Re: 9.3 to 9.5 upgrade problems

From

Adrian Klaver

Date:

03 July 2016, 18:35:27

On 07/03/2016 08:06 AM, Andy Colson wrote:
> Hi all,
>
> I have a master (web1) and two slaves (web2, webserv), one slave is
> quite far from the master, the db is 112 Gig, so pg_basebackup is my
> last resort.
>
> I followed the page here:
> https://www.postgresql.org/docs/9.5/static/pgupgrade.html
>
> including the rsync stuff.  I practiced it _twice_, once in PG 9.5 beta,
> and again a week ago, on two VM's I created locally.  Both practice
> sessions worked perfect.
>
> I just ran it on the live databases.  The master seems ok, its running
> PG 9.5 now, I can login to it, and no errors in the log.
>
> Neither slave works.  After I'd gotten done with the pgupgrade steps,
> both slaves gave me this error:
>
> FATAL:  database system identifier differs between the primary and standby
>
> Sure enough pg_controldata show'd their database system id different
> (all three web1, web2, webserv were different.  no matches at all), so
> I'm assuming the rsync didnt rsync right, or I missed a step and ran it
> to early, or something ... I'm not quite sure.
>
> I needed to get the live website back up and running again, so I let the
> master go, ran analyze, and when it was finished, used the steps here to
> try and resync:
>
> https://wiki.postgresql.org/wiki/Binary_Replication_Tutorial
>
> on Master:
> select pg_start_backup('clone',true);
> rsync -av --exclude pg_xlog --exclude postgresql.conf /pub/pg95/*
> web2:/pub/pg95/
> select pg_stop_backup();
> rsync -av /pub/pg95/pg_xlog web2:/pub/pg95/

Not sure about above rsync, that seems to undo what you did previously.

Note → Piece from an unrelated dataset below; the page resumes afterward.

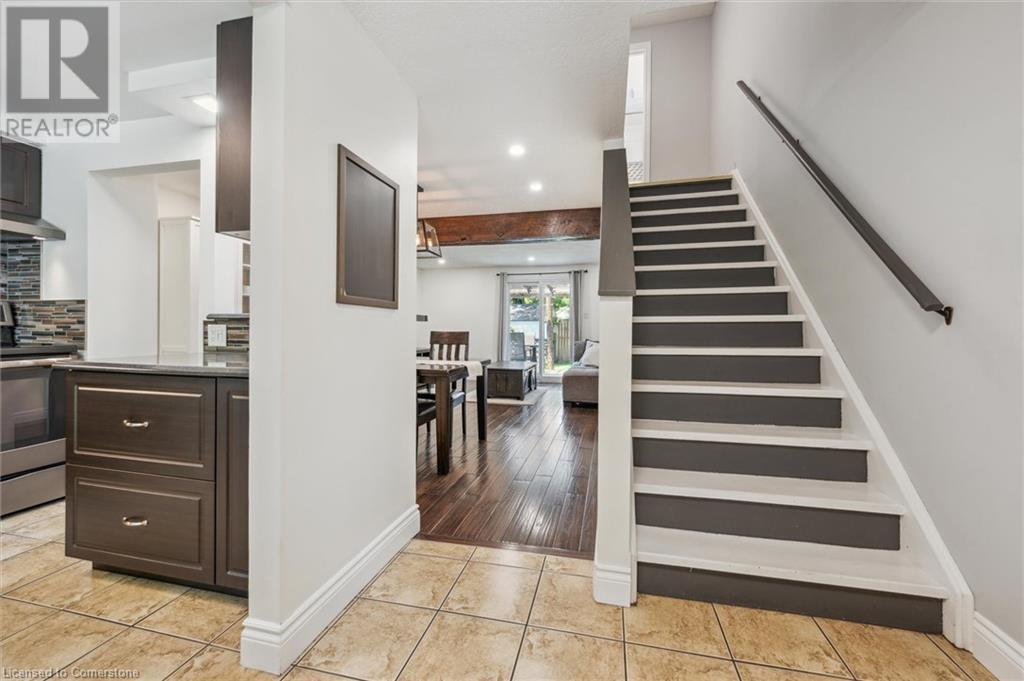 648 Hillview Road, Cambridge, Ontario  N3H 5H3 - Photo 6 - 40740425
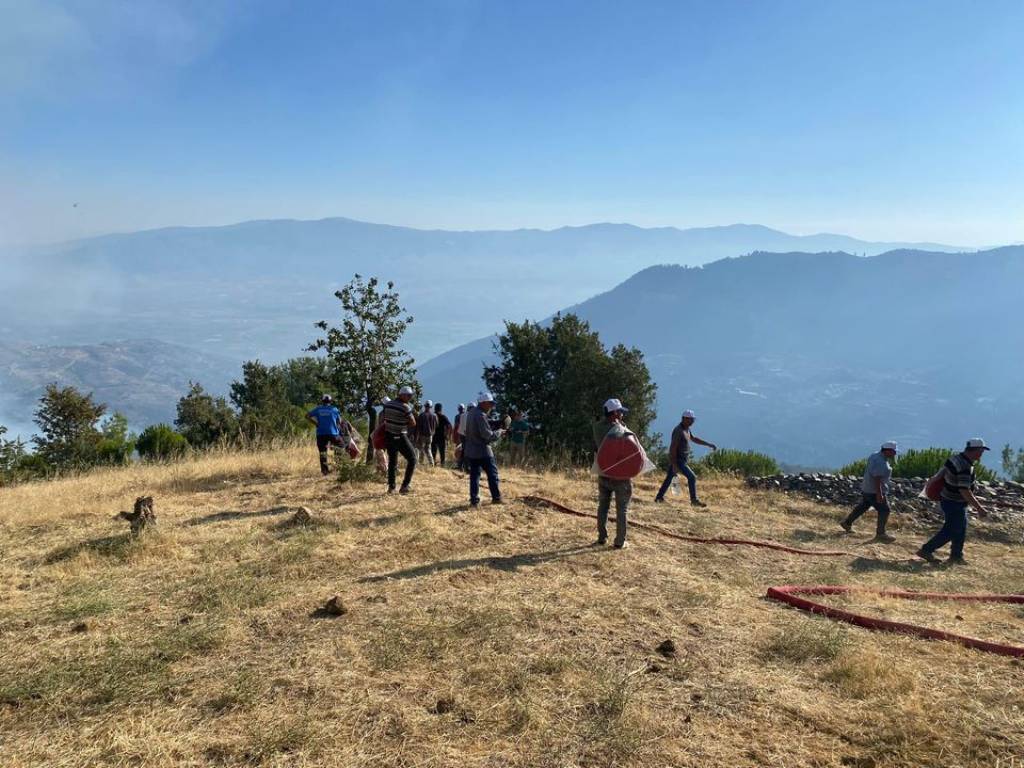 Bozdoğan Belediyesi Orman Yangınıyla Mücadelede Sahada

Also was the remote directory empty when you did this?

>
>
> That ran pretty quick, and pg_controldata shows matching numbers, but
> when I start the slave I get:
>
> ,,2016-07-03 06:06:57.173 CDT,: LOG:  entering standby mode
> ,,2016-07-03 06:06:57.205 CDT,: LOG:  redo starts at 369/D6002228
> ,,2016-07-03 06:06:57.984 CDT,: LOG:  consistent recovery state reached
> at 369/DCC5DB90
> ,,2016-07-03 06:06:57.984 CDT,: LOG:  database system is ready to accept
> read only connections
> ,,2016-07-03 06:06:57.984 CDT,: LOG:  invalid record length at 369/DD038ED0
> ,,2016-07-03 06:06:58.344 CDT,: LOG:  started streaming WAL from primary
> at 369/DD000000 on timeline 1
> web,[unknown],2016-07-03 06:07:11.176 CDT,[local]: FATAL:  role "andy"
> does not exist
>
> I can login as myself on the master, but not on the slave.  when I "psql
> -U postgres" on the slave I get:
>
> psql: FATAL:  cache lookup failed for database 16401
>
> This is only on web2, its close to web1, so I'm hoping I can get it
> fixed and then rsync it quickly to the far away slave.
>
> I'm at a loss here, any hints or suggestions would be appreciated.
>
> Thanks,
>
> -Andy
>
>


--
Adrian Klaver
adrian.klaver@aklaver.com

Re: 9.3 to 9.5 upgrade problems

From

Andy Colson

Date:

03 July 2016, 18:49:29

On 07/03/2016 10:35 AM, Adrian Klaver wrote:
> On 07/03/2016 08:06 AM, Andy Colson wrote:
>> Hi all,
>>
>> I have a master (web1) and two slaves (web2, webserv), one slave is
>> quite far from the master, the db is 112 Gig, so pg_basebackup is my
>> last resort.
>>
>> I followed the page here:
>> https://www.postgresql.org/docs/9.5/static/pgupgrade.html
>>
>> including the rsync stuff.  I practiced it _twice_, once in PG 9.5 beta,
>> and again a week ago, on two VM's I created locally.  Both practice
>> sessions worked perfect.
>>
>> I just ran it on the live databases.  The master seems ok, its running
>> PG 9.5 now, I can login to it, and no errors in the log.
>>
>> Neither slave works.  After I'd gotten done with the pgupgrade steps,
>> both slaves gave me this error:
>>
>> FATAL:  database system identifier differs between the primary and standby
>>
>> Sure enough pg_controldata show'd their database system id different
>> (all three web1, web2, webserv were different.  no matches at all), so
>> I'm assuming the rsync didnt rsync right, or I missed a step and ran it
>> to early, or something ... I'm not quite sure.
>>
>> I needed to get the live website back up and running again, so I let the
>> master go, ran analyze, and when it was finished, used the steps here to
>> try and resync:
>>
>> https://wiki.postgresql.org/wiki/Binary_Replication_Tutorial
>>
>> on Master:
>> select pg_start_backup('clone',true);
>> rsync -av --exclude pg_xlog --exclude postgresql.conf /pub/pg95/*
>> web2:/pub/pg95/
>> select pg_stop_backup();
>> rsync -av /pub/pg95/pg_xlog web2:/pub/pg95/
>
> Not sure about above rsync, that seems to undo what you did previously.
>
> Also was the remote directory empty when you did this?
>

Not sure what you mean by undo.  pgupgrade.html page, step 10, has you rsync the master to the slave, so the pg95
directoryis hard linked to the pg93, which save's a ton to bandwidth when your servers are cross county. 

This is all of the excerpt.